День победы отгремел салютом,
Отзвенел военными медалями,
Но сегодня снова почему-то
Ветеранов встречу увидали мы.
У Большого, на аллеях сквера,
Где цветами яблони увенчаны,
Обнимаются седые офицеры,
И то плачут, то смеются женщины.
Люди здесь особенной породы,
Не грозит их дружбе увядание.
К ним сюда, презрев закон природы,
Молодость пришла их на свидание.
И звенит весна над стариканами,
И пылают щёки кумачово,
И зашевелились тараканами
Рифмы в голове у Толкачёва.
К сожалению, теперь на эти встречи приходит все меньше и меньше народу.

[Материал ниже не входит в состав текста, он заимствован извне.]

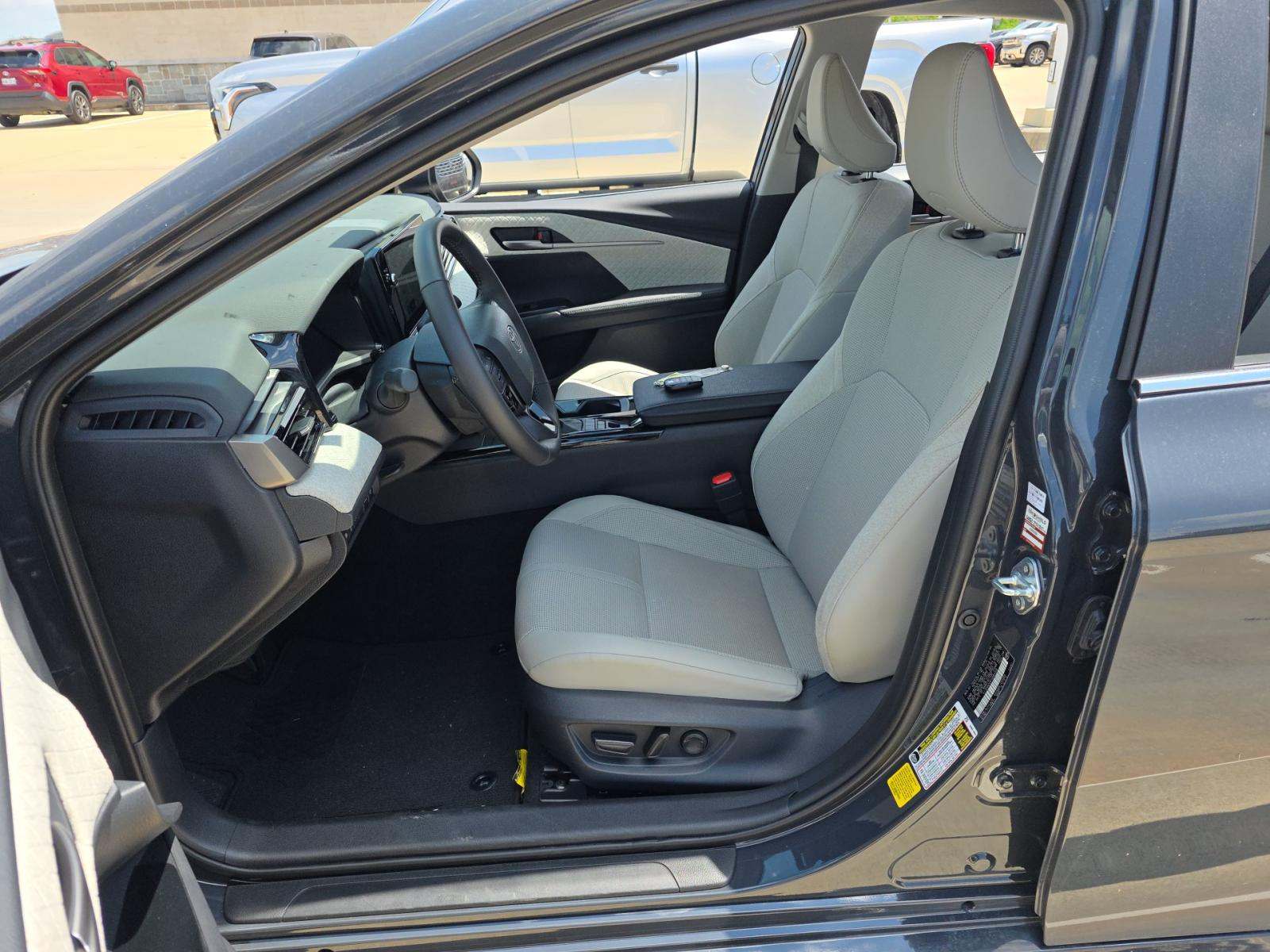 TOYOTA CAMRY - 6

В этом году (в 2005 – прим. автора.) собралось вообще всего человек тридцать-сорок. Не знаю уж, почему. Может быть, пропал эффект новизны от этих встреч. Посмотрели друг на друга – а дальше что? Общих тем для разговоров мало. Нельзя же без конца вести разговоры на тему «а помнишь…» Где-то у Юрия Тынянова я прочёл: «Расспросы и рассказы имеют смысл только когда люди не видятся день или неделю, а когда они вообще видятся неопределённо и помалу – всякие расспросы бессмысленны». Похоже, что это верно подмечено.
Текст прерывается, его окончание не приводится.